Simple Log Service allows you to analyze data in the search results by using SQL statements. This topic describes the basic syntax of SQL analytic statements.
Basic syntax
Each query statement consists of a search statement and an analytic statement. The search statement and the analytic statement are separated with a vertical bar (|
). Format:
Search statement|Analytic statement
A search statement can be independently executed. An analytic statement must be executed together with a search statement. The log analysis feature is used to analyze data in the search results or all data in a Logstore.
We recommend that you specify up to 30 search conditions in a search statement.
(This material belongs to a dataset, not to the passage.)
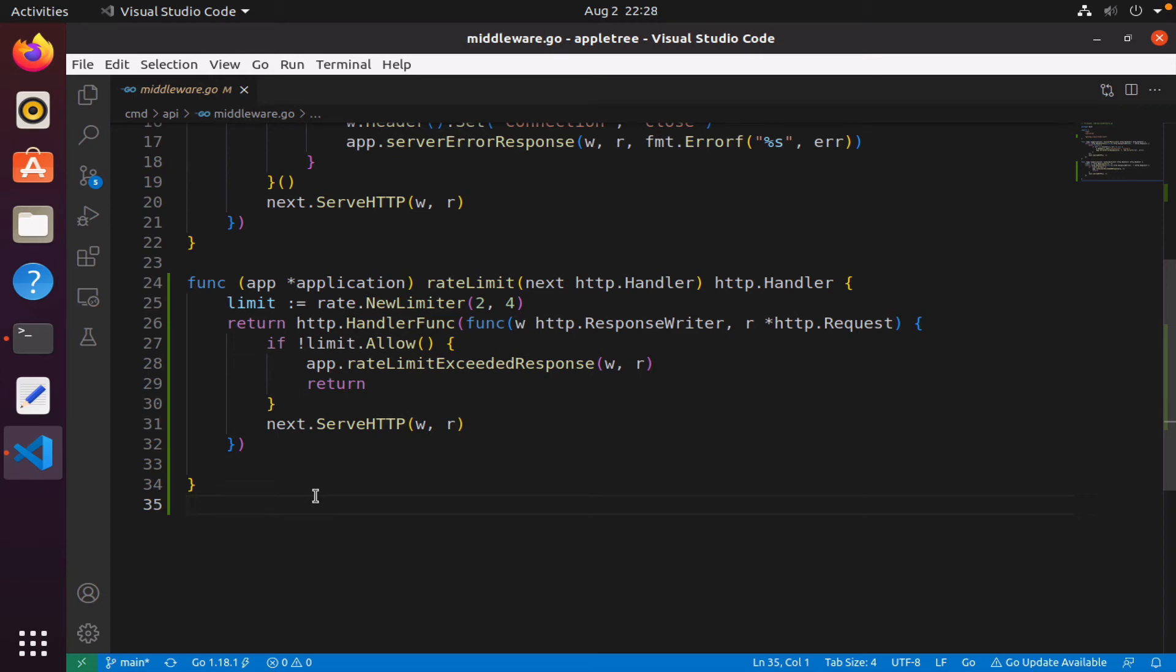Welcome back. In this lesson I want us to begin working on our client rate limiter, and to do that we will update our rate limiter function.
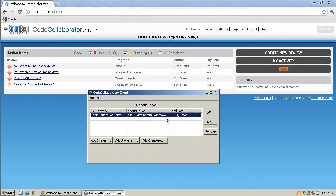Take some time to create a review or two using all three of the options that are available. For additional information regarding the client tool or any other aspect of CodeCollaborator or peer review complete, please visit www.smartbear.com or click the help link in the upper right-hand corner of your portal. Thanks for watching.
If you do not specify a FROM or WHERE clause in an analytic statement, all data of the current Logstore is automatically analyzed. Analytic statements do not support offsets and are not case-sensitive. You do not need to append a semicolon (;) to an analytic statement.
Statement | Description |
Search statement | A search statement specifies one or more search conditions. A search statement can be a keyword, a numeric value, a numeric value range, a space, or an asterisk (*). If you specify a space or an asterisk (*) as the search statement, no conditions are used for searching and all logs are returned. |
Analytic statement | An analytic statement is used to aggregate or analyze data in the search results or all data in a Logstore. For more information about the functions and syntax supported by Simple Log Service for analyzing logs, see the following topics: |
Sample SQL analytic statement:
* | SELECT status, count(*) AS PV GROUP BY status
SQL functions and SQL clauses
In most cases, SQL functions are used to calculate, convert, and format data. For more information, see SQL functions. For example, you can use SQL functions to calculate the sum and average of values, perform operations on strings, and process dates. In most cases, SQL functions are embedded in SQL clauses.
SQL clauses are used to create complete SQL search statements or data processing statements to identify the sources, conditions, groups, and orders of data. For more information, see SQL clauses.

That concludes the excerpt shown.